Jonathan: I think it partially has to do with the fact that I intentionally chose the culinary arts career path. When I graduated high school, I had an academic scholarship to Eastern Washington University to get a business degree. I was enrolled, packed up, and my tuition was set. The Thursday before the Monday we started school, I realized it didn’t feel like the right next step. On my way back from orientation, I stopped by INCA, and the one person who was still in the building was in charge of the culinary department – one of my favorite subjects. It felt like a sign, so I signed up for culinary school on the spot and got the last seat in class.
Looking toward graduation from culinary school, I knew if I was going to be a chef, I wanted to work at a Noma-caliber restaurant or open one of my own. I just I needed to get my start somewhere. I sent my resume to a bunch of different places without putting limits on where the restaurants were located. I thought Noma would be a long shot, but the answer would be no if I didn’t ask. My foot in the door was an email telling them I wanted to work there.
I expect that this internship will be kind of like school. Its stages are themed, from foraging to working in the prep kitchen to front of the house operations. I’ll receive training from world-renowned chefs. I couldn’t ask for a better jumping off point for my career.
Q: Chef Russ, it must make you proud to see Jonathan embarking on this culinary journey. At what point did you know he would follow in your footsteps?
Chef Russ: Jonathan has worked with me in some capacity in every kitchen I’ve worked in, whether he was observing at a young age, washing dishes, brainstorming menu items, or working beside me as a line cook. His appreciation for good food started even earlier than that. I think back to when he was around five years old. I had made some teriyaki chicken legs and thought I could convince him to taste it by telling him that teriyaki was just like barbeque sauce. He was on his third chicken leg when he told me, “Dad, this doesn’t taste anything like BBQ sauce, but I like it.” I had never met a five year old with such an advanced pallet. I’ve always viewed that moment as a foreshadowing of his future as a chef.

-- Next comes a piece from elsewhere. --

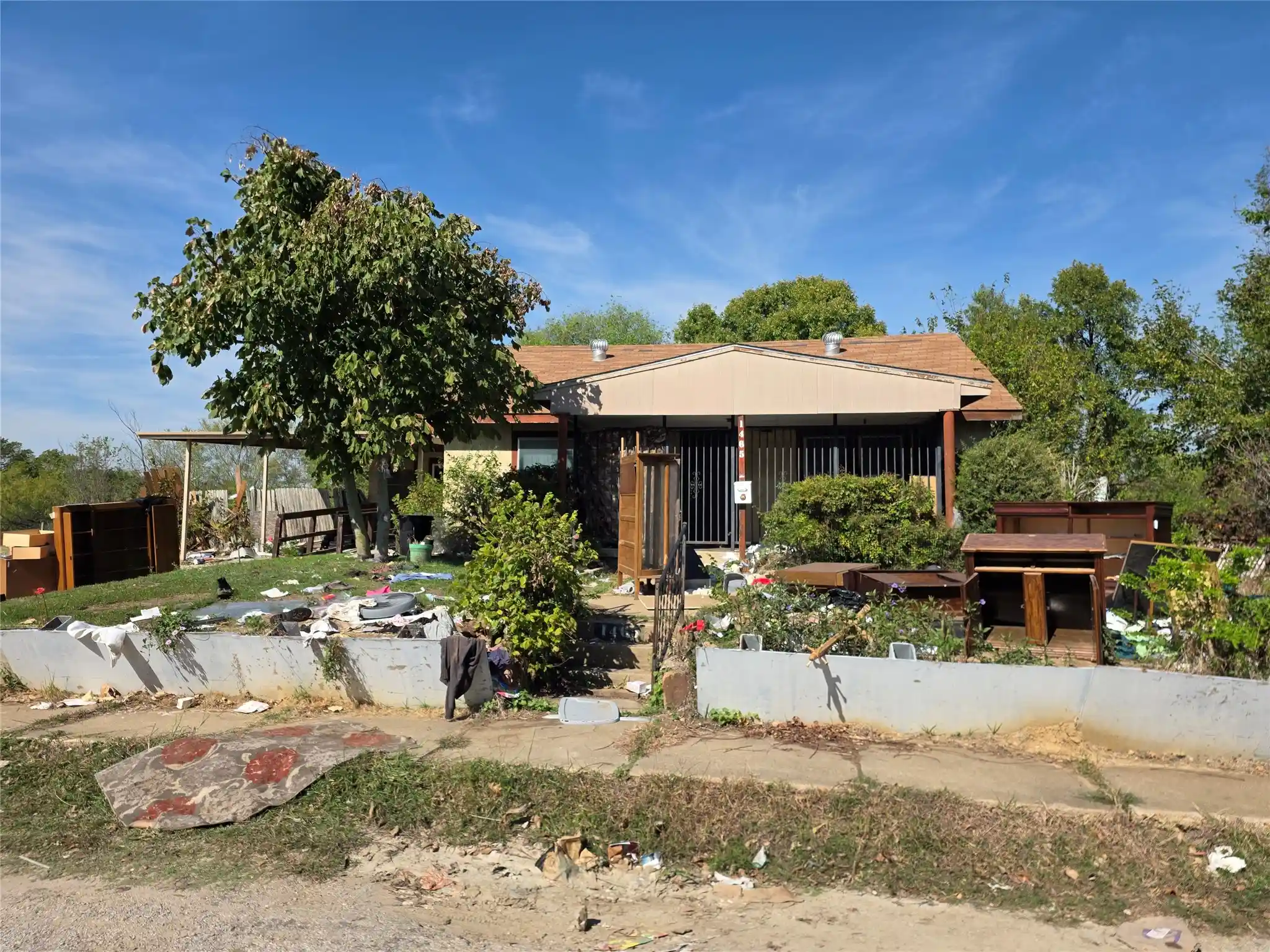 Photo 1 of Single family home for sale at 1465 Avenue E, Fort Worth, TX 76104 | MLS# 21419738 | Listing updated on 2026-10-28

Q: Tell me about the lifestyle of a chef. How do you balance work and life with your out-of-the-ordinary schedule?
Chef Russ: As far as the lifestyle goes, it’s something you get used to over time. I enrolled at INCA while simultaneously working two jobs. You have to love cooking and get gratification out of providing the good time everyone else is having. You enter this “other” section of society. As chefs, we know that it’s not about which day we celebrate, because we’re always working on holidays – it’s simply about the time we get to spend together.
Jonathan: I’ve gone with my dad to work at every job he’s ever had, so I grew up familiar with the chef lifestyle. The industry comes with long hours and weekends, and although that can be difficult, I think of the chef community as pirates. We work when everyone else has fun, and we don’t usually get to celebrate holidays. But it’s the community of cooks and chefs who operate on the same hours that balances the tough lifestyle. We’re a tribe.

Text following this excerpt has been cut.